Jean-François Fogel
La fecha: 2 de mayo del 2007. El lugar: un estudio de televisión. Los protagonistas: los dos candidatos para la segunda vuelta de la elección presidencial. El evento: un debate. Francia, en la búsqueda de su próximo presidente, dedicó su tarde del miércoles a seguir un confuso encuentro entre Ségolène Royal y Nicolas Sarkozy. Fueron más de dos horas malas, aburridas. Una batalla de datos, mala fe, sospechas mutuas. Sarkozy, que tiene una retórica racional enfrentaba la vitalidad de una Royal escondida en el desorden. Al final, mucho ruido y pocas nueces. Pero los franceses tenían el rito imprescindible de su vida pública. Un ejercicio fuera del tiempo: el encuentro de dos personas.

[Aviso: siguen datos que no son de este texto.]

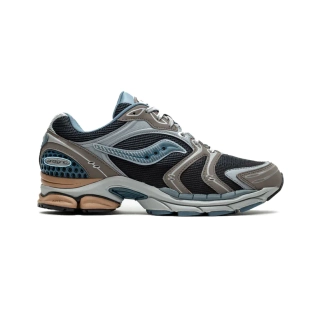 Кроссовки Saucony PROGRID TRIUMPH 4 WINTER TECH S70836-2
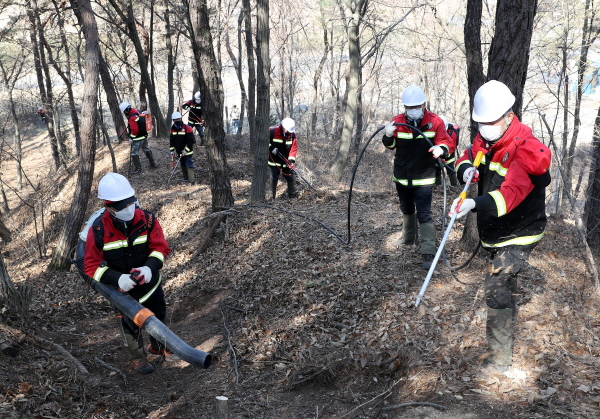 21일 유성구가 죽동근린공원에서 산불 지상진화훈련을 실시하고 있다.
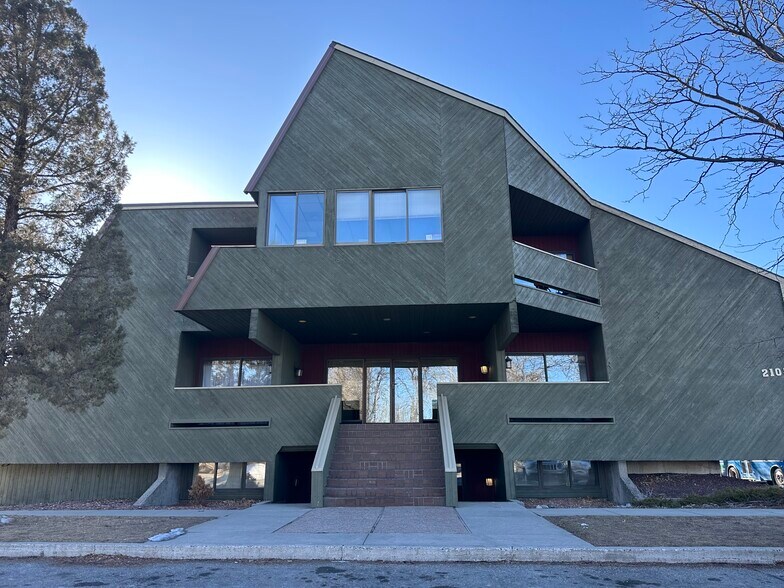 2108-2116 Broadwater Ave, Billings, MT à louer - Photo principale – Image 1 sur 9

Vivimos en una época que acumula los dispositivos para eludir a la conversación cara a cara. El correo electrónico, el mensaje instantáneo, el vídeo-juego interactivo y todos los dispositivos para oír o ver músicas o películas sólo son “conversation avoidance device” como dice Stephen Miller en un libro, Conversation (Yale University Press) que tuvo su gloria en 2006. La idea central del libro es sencilla: la era de la conversación se acaba. Dentro de poco tendremos no el silencio sino el ruido generalizado de la comunicación múltiple y simultánea.

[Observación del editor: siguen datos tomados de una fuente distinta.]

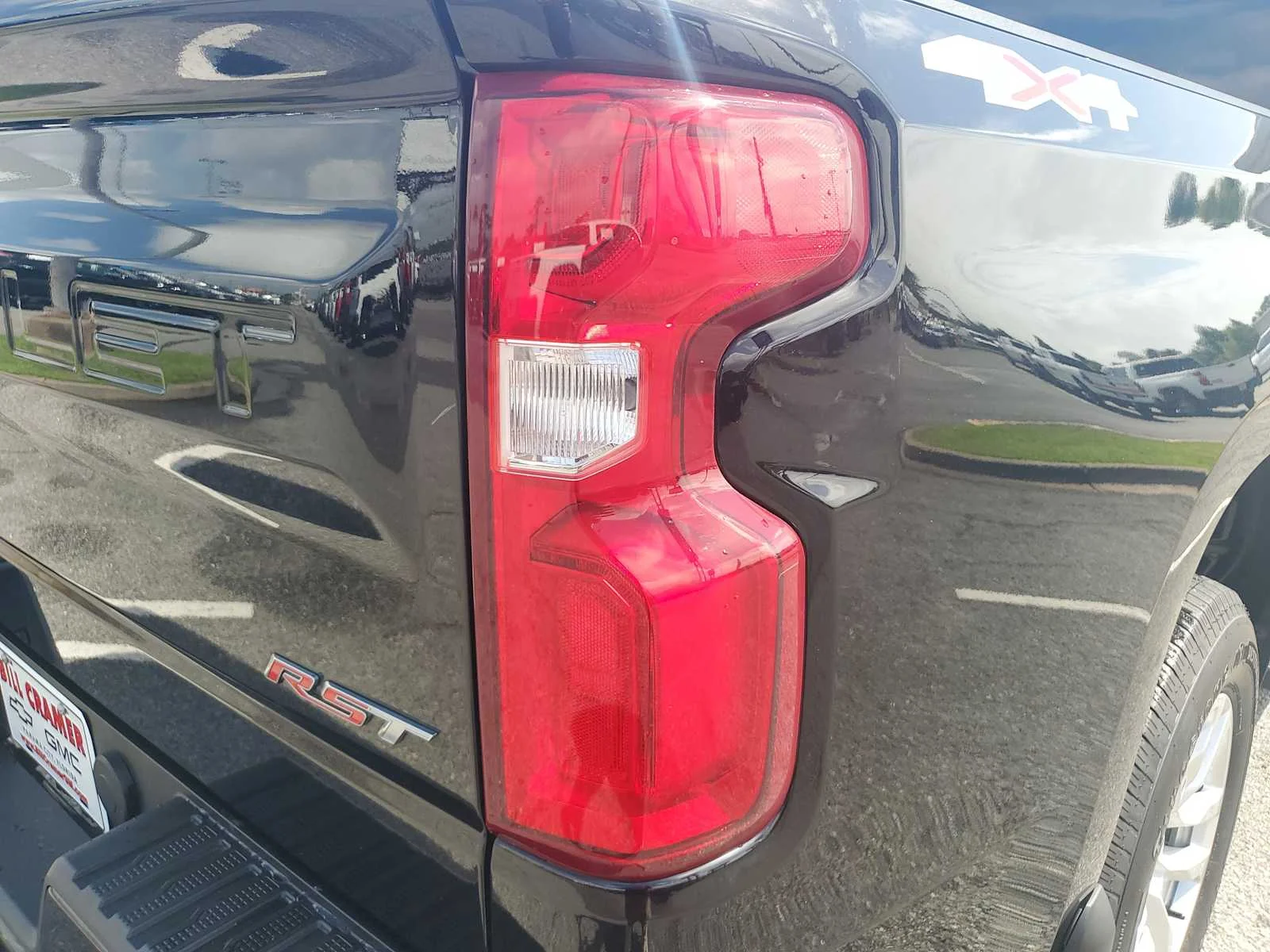 Used 2019 BLACK Chevrolet RST image 7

Con esa problemática se puede entender la pasión de los franceses para su debate de la elección presidencial. Es un ejercicio que les vincula su historia y su cultura. Francia desde el siglo XVI hasta la revolución de 1789, fue el paraíso del arte de la conversación. El debate, bajo el ojo de cíclope de la televisión es una forma trivial, frívola de lo que se practicaba en los círculos de la aristocracia y entre los pensadores del Siglo de las Luces. El gran libro sobre esta etapa de la historia francesa es italiano: La civilta della conversazione de Benedetta Cravieri. Cuenta cómo un arte colectivo consiguió producir una literatura, una filosofía y, sobre todo, una convivencia. Era una lucha donde el vencedor tenía que dominarse. “Il est dangeureux de vouloir toujours être le maître de la conversation et de pousser trop loin une bonne raison quand on l’a trouvée” (es peligroso mandar siempre en la conversación y utilizar un argumento de manera excesiva) explicaba La Rochefoucauld. La conversación tenía algo de íntimo y feliz en la época de los reyes; se transforma en elocuencia pública con la revolución.

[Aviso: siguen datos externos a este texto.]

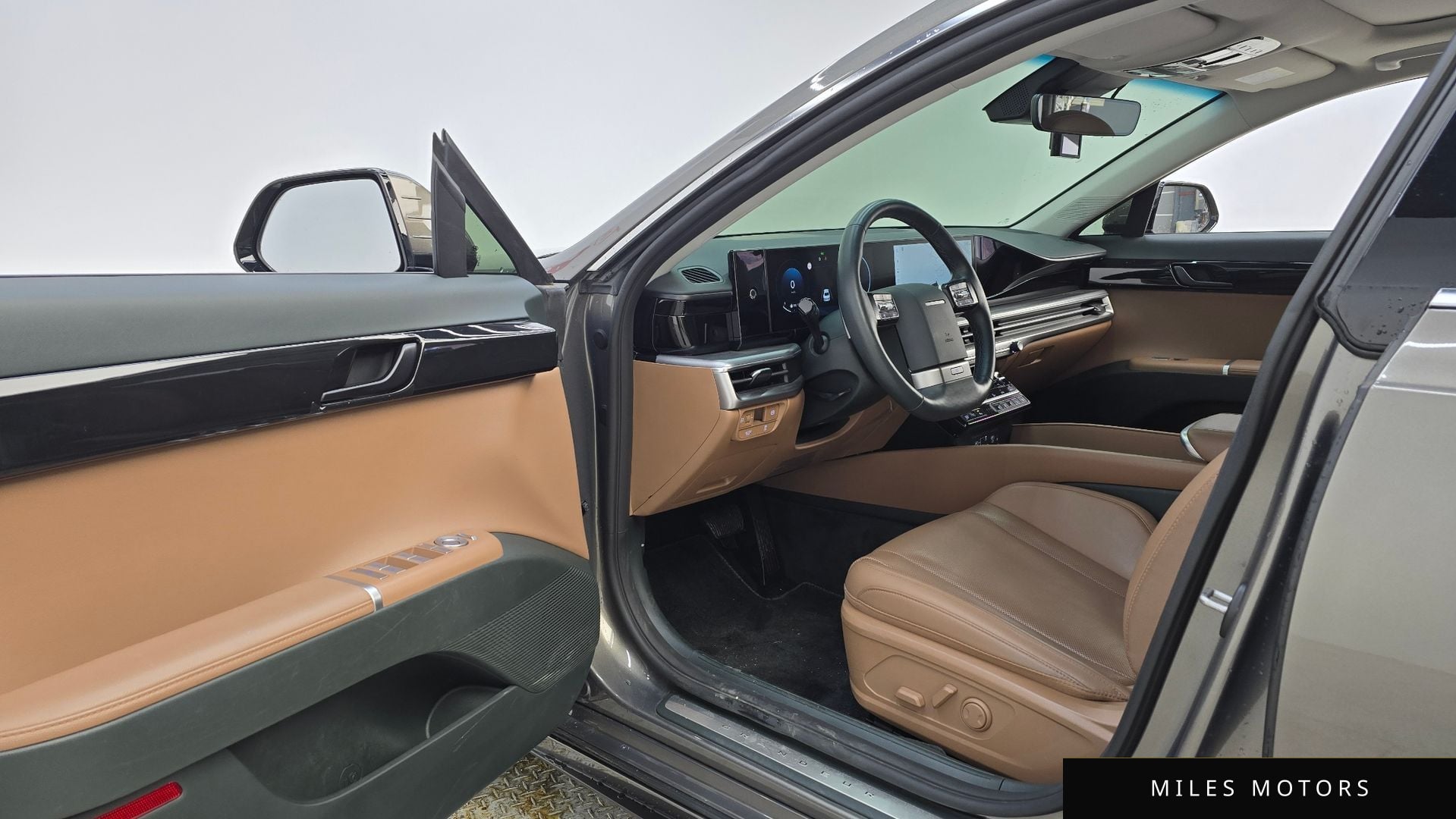Hyundai 그랜저 (GN7) 2023 — миниатюра 10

Fue lo insoportable del debate (en realidad dos monólogos cargados de desprecio mutuo y callado) entre Royal y Sarkozy. Toda la tarde demostraba la validez de la tesis de Alexis de Tocqueville, el sublime politólogo: la revolución francesa habla de libertad, igualdad y fraternidad, pero en realidad es un retorno al absolutismo de Luis XIV en una versión barata y brutal al servicio del Estado, soberano más frío que un rey. El debate a la francesa es una pobre supervivencia de un arte reconvertido en instrumento de promoción política. Me cabe mejor la tertulia del mundo hispanohablante. Puede ser brutal también, y lleno de mala fe, pero nadie pone las palabras al servicio de un ser abstracto. En la sombra del Estado, tal como lo conciben los franceses, no hay conversación.